In the real world, I try to discourage people from thinking of the above numbers and concentrate on understanding the lenses they have.
One of the best ways to do this is to set up your camera shooting one particular subject, preferably non-moving. Start with the 18-55mm and take pictures throughout the zoom range. Then swap out to the 75-300mm and do the same again.
If you have the facility, print out 6x4's or 7x5's of all your shots and lay them out in front of you. By studying them, you will soon be able to decide which lens and/or zoom factor was right for that shot.
A little time spent like this can be very valuable in helping you decide which lens you should be using for a particular shot.
As for the second part of your question, yes Moose's cheat sheets will be a great resource for you.
Best regards, PBked
These are very insightful explanations and guidance for me as a beginner. I appreciate your generosity in sharing your knowledge. Thank you!
Regards!
1. I tend to start most of my photo adventures with a prime lens. I just compose a scene/subject with my feet and shoot away. When I'm presented with something that I can't quite capture with a prime lens, I'll switch to a wider lens or a longer lens.
2. As for settings, a good rule of thumb is to use Aperture priority (Av) for things that are motionless or have very little movement and use Shutter priority (Tv) for things that move quickly.
Aperture priority allows you to control the depth of field...low f-numbers to isolate your subject against a blurry background and higher f-numbers to put more of the scene into focus.
Shutter priority allows you to control movement...fast shutter speeds to freeze movement and slow shutter speeds to capture movement.
3. As for my cheat cards, I'm finishing up a set for the T3i this week. Should be out next week. Initially this set will be for the T3i and 18-55mm combo, but shortly following I'll be releasing one for the 50mm f/1.8 as well which will have a different assortment of shooting scenarios.
All the best!
- Moose
1. Focus blur. If something is out of focus, it’s blurry. Easy. Solution is to just nail your focus.

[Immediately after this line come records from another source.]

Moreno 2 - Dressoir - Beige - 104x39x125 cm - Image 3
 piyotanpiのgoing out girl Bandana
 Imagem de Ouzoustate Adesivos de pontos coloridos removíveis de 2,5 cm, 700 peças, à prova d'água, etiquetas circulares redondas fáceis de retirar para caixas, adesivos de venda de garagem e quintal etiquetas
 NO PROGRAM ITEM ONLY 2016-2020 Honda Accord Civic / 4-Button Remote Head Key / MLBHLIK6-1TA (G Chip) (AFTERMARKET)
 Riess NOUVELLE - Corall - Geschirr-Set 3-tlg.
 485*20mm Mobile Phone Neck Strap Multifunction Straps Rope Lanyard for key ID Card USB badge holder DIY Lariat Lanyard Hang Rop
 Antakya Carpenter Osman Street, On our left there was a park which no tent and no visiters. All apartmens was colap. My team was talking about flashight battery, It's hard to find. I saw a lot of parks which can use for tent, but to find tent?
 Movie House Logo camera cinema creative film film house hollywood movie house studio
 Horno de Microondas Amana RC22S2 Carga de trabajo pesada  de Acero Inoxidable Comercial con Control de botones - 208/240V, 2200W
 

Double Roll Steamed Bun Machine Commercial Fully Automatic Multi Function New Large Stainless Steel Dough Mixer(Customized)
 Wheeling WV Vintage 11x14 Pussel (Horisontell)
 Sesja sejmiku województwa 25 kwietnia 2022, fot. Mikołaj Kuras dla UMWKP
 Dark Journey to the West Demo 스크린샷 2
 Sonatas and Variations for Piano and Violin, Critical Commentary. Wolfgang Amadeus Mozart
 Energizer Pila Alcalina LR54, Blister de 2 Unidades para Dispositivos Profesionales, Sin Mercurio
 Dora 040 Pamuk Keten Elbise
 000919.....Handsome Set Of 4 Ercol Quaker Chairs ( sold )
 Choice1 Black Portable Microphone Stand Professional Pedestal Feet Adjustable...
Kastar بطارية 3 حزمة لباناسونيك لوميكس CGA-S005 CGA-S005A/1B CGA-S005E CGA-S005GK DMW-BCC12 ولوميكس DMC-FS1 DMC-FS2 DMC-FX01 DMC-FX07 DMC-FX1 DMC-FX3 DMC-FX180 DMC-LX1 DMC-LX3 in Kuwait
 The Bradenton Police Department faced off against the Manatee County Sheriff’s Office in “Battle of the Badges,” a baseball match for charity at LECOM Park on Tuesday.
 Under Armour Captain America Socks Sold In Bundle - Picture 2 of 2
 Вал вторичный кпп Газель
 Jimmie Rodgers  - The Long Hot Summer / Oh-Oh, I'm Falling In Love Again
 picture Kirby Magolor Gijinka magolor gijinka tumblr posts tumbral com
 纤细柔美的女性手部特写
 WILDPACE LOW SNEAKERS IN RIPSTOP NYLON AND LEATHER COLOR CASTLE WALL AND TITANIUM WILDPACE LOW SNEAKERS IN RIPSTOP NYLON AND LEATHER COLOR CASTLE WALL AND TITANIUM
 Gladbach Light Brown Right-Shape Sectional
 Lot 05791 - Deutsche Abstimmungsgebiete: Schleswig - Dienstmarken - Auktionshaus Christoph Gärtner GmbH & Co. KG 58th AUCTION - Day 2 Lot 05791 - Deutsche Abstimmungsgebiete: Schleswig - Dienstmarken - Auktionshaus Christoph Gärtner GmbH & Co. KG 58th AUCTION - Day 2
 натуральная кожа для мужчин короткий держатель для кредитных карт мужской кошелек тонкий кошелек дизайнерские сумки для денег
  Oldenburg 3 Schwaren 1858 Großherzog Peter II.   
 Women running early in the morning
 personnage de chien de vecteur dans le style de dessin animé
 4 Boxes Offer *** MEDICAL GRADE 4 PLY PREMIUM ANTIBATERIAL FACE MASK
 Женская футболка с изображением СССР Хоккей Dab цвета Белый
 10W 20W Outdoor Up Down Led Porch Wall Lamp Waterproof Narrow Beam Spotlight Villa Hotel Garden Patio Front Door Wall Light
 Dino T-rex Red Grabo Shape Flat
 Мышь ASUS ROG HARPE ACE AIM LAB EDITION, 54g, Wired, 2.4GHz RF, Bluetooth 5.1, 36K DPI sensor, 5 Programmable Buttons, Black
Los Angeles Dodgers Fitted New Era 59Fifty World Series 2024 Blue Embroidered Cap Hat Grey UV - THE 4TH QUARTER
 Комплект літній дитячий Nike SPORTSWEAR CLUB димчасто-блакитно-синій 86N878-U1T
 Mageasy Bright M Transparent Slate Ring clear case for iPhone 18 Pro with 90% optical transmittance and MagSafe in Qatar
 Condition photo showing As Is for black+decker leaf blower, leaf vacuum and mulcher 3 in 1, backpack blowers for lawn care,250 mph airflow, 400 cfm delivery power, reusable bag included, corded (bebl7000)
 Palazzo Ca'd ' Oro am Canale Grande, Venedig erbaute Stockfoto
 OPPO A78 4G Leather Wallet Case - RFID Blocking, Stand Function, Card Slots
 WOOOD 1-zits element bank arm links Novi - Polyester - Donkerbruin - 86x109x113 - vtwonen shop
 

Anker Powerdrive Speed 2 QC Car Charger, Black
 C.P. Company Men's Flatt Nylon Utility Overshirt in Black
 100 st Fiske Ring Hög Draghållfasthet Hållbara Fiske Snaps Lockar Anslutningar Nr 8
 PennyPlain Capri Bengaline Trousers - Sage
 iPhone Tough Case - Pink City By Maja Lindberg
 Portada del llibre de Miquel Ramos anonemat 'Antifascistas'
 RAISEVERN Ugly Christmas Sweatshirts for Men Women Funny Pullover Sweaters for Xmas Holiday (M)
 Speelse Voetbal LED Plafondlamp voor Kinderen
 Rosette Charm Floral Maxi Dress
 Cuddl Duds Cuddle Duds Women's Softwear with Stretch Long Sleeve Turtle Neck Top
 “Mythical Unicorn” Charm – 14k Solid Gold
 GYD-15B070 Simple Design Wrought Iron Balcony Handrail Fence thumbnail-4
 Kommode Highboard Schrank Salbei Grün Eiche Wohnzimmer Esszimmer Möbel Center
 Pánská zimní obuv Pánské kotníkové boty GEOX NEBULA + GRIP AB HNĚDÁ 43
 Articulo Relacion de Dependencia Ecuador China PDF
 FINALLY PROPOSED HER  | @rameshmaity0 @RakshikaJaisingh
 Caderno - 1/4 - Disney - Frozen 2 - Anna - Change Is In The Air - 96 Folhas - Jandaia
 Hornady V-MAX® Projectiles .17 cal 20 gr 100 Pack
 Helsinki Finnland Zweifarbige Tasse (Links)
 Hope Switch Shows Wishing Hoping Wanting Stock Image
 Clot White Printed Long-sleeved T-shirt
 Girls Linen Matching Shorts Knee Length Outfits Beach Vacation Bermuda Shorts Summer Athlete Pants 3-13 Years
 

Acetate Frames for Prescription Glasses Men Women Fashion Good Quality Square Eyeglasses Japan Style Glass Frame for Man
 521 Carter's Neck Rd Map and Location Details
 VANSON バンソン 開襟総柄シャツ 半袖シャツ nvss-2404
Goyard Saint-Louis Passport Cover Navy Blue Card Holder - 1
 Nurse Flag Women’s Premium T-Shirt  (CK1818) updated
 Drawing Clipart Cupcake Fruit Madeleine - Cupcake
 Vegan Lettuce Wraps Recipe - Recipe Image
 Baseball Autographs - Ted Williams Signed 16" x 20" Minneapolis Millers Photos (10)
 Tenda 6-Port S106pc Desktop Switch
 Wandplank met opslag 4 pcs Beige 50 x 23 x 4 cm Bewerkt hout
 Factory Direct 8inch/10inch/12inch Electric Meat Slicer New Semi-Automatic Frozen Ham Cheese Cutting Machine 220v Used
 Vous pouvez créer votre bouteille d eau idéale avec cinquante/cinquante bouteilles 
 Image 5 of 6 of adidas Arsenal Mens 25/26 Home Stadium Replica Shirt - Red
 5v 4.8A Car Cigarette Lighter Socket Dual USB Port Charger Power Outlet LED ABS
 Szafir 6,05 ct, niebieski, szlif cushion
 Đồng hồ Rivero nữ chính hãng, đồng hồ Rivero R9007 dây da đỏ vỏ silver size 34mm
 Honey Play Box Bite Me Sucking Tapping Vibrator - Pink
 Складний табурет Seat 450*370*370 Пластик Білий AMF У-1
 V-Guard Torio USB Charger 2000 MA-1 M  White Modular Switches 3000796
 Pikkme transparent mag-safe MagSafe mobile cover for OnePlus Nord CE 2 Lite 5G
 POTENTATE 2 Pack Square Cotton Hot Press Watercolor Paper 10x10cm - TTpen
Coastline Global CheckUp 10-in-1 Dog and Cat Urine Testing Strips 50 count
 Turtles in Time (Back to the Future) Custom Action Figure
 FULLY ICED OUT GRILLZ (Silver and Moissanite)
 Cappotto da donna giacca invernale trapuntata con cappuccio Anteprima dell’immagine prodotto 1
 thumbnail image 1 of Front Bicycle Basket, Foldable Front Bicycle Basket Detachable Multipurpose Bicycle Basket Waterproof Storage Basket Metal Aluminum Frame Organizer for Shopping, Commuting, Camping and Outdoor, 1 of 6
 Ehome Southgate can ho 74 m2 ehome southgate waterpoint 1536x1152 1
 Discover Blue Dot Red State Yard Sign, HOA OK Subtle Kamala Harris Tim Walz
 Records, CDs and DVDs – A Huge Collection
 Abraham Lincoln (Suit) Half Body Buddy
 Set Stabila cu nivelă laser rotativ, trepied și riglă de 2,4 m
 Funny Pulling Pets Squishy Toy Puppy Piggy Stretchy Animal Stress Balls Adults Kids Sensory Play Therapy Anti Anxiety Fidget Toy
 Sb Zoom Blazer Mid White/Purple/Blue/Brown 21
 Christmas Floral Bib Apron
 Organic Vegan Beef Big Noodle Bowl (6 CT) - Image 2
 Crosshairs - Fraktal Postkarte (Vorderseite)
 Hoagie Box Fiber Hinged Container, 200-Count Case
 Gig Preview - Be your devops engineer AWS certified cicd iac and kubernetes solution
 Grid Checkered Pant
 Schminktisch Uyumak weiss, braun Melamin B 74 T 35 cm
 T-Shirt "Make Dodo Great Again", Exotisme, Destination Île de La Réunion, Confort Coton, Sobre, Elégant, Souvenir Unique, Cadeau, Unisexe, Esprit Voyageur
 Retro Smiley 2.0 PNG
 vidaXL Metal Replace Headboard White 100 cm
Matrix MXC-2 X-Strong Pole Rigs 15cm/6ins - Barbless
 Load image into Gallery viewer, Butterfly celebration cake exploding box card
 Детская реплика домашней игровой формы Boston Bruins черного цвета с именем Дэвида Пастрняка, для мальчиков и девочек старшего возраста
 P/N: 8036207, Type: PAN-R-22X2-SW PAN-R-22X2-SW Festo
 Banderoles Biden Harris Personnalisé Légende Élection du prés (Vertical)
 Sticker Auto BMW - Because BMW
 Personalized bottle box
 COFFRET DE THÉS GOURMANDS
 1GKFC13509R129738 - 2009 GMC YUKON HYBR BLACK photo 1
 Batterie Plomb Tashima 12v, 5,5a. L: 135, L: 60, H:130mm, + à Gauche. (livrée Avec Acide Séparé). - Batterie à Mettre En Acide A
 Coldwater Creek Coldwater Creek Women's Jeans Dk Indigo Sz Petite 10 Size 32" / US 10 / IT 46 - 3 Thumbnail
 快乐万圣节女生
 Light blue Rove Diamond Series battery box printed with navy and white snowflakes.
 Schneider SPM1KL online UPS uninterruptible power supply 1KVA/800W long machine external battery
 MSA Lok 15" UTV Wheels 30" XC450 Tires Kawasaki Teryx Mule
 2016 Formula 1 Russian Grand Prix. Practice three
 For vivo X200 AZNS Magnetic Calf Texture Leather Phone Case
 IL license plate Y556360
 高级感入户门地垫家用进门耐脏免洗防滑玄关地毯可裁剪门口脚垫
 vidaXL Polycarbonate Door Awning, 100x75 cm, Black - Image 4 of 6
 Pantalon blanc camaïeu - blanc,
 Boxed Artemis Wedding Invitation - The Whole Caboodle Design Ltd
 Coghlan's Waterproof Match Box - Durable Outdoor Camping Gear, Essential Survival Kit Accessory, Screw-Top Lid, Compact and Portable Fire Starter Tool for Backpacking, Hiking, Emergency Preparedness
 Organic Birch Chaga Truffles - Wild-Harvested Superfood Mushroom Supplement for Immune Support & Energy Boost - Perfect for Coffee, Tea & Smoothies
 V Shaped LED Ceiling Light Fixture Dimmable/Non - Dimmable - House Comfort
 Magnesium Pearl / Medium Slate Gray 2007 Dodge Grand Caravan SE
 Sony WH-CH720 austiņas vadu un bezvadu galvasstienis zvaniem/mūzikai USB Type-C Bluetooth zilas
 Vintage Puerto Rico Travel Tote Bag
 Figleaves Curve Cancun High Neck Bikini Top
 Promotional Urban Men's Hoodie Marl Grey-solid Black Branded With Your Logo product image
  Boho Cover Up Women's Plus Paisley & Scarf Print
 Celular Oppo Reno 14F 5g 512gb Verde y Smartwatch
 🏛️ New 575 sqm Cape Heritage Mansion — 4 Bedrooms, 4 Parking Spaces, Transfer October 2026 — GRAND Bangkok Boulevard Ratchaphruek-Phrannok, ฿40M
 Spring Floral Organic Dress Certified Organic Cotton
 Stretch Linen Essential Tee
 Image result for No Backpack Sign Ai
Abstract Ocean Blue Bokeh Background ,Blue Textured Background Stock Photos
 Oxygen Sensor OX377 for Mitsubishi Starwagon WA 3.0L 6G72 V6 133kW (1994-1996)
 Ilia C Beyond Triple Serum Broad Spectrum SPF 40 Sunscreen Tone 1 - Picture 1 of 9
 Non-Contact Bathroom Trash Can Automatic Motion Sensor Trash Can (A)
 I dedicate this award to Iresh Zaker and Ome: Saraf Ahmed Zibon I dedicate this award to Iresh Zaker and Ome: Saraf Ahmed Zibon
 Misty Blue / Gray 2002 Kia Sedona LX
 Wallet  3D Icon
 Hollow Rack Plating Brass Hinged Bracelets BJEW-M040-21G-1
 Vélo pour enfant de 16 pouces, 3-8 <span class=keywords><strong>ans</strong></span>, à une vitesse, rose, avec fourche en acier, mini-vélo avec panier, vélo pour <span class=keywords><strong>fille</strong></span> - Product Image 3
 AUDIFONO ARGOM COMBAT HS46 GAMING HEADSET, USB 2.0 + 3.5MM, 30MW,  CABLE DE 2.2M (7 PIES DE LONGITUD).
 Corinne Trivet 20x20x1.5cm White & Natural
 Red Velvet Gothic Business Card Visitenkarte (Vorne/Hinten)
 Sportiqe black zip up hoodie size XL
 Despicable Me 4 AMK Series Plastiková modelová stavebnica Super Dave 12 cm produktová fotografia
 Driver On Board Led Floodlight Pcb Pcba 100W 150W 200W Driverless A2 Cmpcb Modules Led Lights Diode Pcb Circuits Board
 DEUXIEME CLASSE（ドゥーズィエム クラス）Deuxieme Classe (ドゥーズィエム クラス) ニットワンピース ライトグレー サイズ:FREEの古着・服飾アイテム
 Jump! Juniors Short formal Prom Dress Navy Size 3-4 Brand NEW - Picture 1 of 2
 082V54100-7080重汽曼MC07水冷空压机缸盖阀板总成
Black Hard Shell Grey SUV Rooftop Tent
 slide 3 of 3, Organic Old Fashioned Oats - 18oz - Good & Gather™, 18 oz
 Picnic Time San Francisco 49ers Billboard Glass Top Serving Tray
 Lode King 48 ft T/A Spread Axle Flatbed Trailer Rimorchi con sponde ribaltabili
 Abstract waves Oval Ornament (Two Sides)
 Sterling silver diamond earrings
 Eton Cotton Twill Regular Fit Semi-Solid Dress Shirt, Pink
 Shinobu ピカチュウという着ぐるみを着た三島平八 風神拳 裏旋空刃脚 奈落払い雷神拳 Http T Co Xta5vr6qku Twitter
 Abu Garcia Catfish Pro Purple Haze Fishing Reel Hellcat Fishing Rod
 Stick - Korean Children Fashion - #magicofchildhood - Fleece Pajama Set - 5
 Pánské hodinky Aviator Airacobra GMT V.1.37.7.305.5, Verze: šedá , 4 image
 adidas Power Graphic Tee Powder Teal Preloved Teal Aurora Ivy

2. Subject motion blur. This happens when your subject is moving and your shutter speed is too slow to freeze the action. Solution is to use a fast shutter speed. Experiment with what speed you need for various situations. The faster your subject moves, the faster shutter speed is required to freeze the action. If people are walking slowly, something like 1/100 should be fine. If they pick up the pace a bit, then perhaps 1/250. If they run, then 1/500 (maybe faster). For sports where there’s erratic and quick movements, then 1/1000.
3. Camera movement blur. This happens when you’re hand-holding your camera and use a shutter speed that’s too slow to compensate for the vibrations that you introduce to the camera.
Image stabilization is only effective against this type of blur. So if you don’t have image stabilization, the general rule is to use a shutter speed that is the reciprocal of your effective focal length. That is, you take your focal length, multiply it by your crop factor, and take the reciprocal of that number. So if you’re shooting at 300mm, use 1/450 sec. If you’re shooting at 50mm, use 1/80 sec.
If you read through this, you may think that the solution is as simple as nailing your focus and using a really fast shutter speed like 1/4000 sec. Yes, you must nail your focus. That’s important. But for shutter speed, you must keep in mind that using a faster shutter speed means you’re reducing the amount of light entering your sensor. So you must either open up your aperture and/or boost your ISO to compensate.
If you’re in daylight, this isn’t an issue, but if you’re indoors or if the sun has set, you’ll find that your lenses are not designed for low-light use since their maximum aperture is not very large so you’re limited to boosting your ISO to very high levels just to maintain barely acceptable shutter speeds.